Doch warum muss man andere Menschen bekämpfen, verletzten und gegen sie
mit Gewalt vorgehen, nur weil sie an einen „anderen“ Gott glauben, andere Denkansätze
haben oder ihr Leben auf eine andere Weise leben wollen? Ist es Angst, die manche
Menschen zu den erwähnten Taten antreibt? Ist es die Angst, dass ‚der Andere‘ vielleicht
Recht haben könnte mit seinen abweichenden Vorstellungen und man dies nicht einsehen
möchte? Oder wollen die Täter und Pegida-Organsiatoren einfach ihren eigenen Glauben
in ihrer Gesellschaft durchsetzen, damit alle anderen so leben müssen, wie sie selbst es
tun?
Dem ist entgegenzuhalten, dass auch die Gesellschaft in Deutschland gerade von
der Vielfältigkeit und der Individualität jedes Einzelnen lebt. Toleranz ist eine Einstellung,
von der letztlich alle Mitglieder unserer Gesellschaft profitieren.
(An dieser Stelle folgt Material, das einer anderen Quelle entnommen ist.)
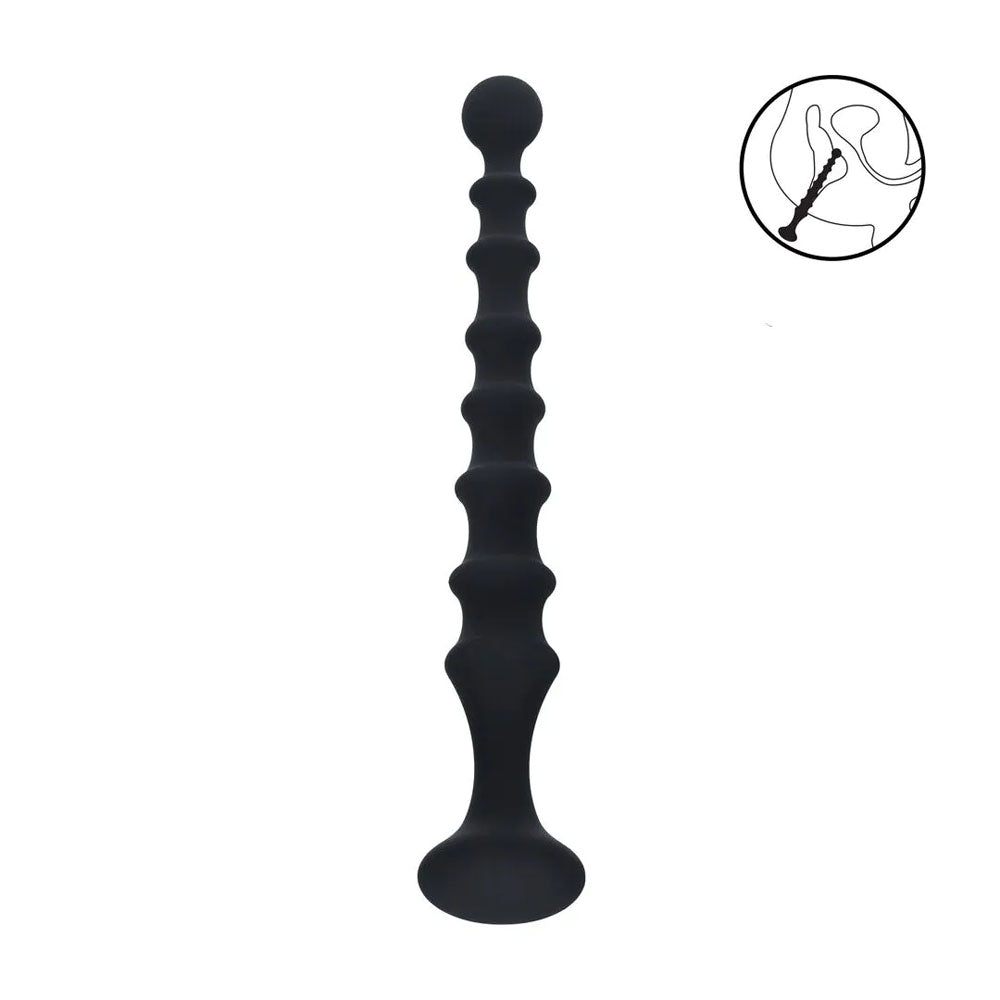 Levelz Ribbed Silicone Flared Anal Probe Black 26.7 Cm Anal Beads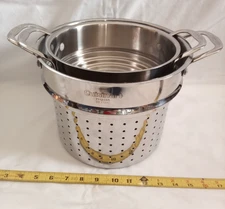 Cuisinart Large Stainless Steel Steamer Strainer 7112-24s  8qt. w/ Insert, nice.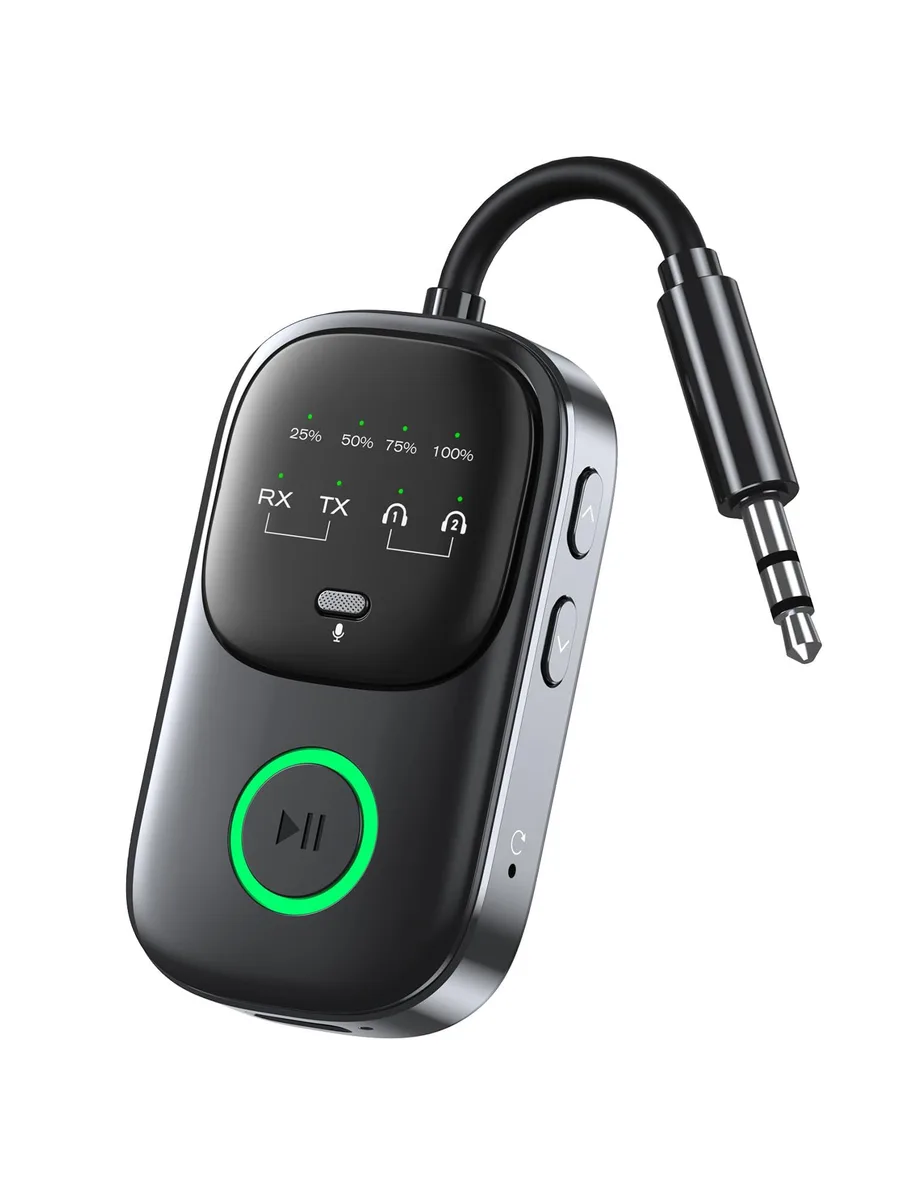Black rectangular Bluetooth transmitter receiver with 3.5mm ports and dual-mode switch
Gewalt gegen die
Vielfältigkeit in unserer Gesellschaft schadet daher allen. Toleranz ist jedoch nicht nur
unter dem Aspekt der Nützlichkeit zu betrachten: Tolerant gegenüber anderen
Lebensentwürfen zu sein ist eine moralische Pflicht, denn sie respektiert die Würde der
Menschen. Dies ist das Thema der folgenden Abschnitte.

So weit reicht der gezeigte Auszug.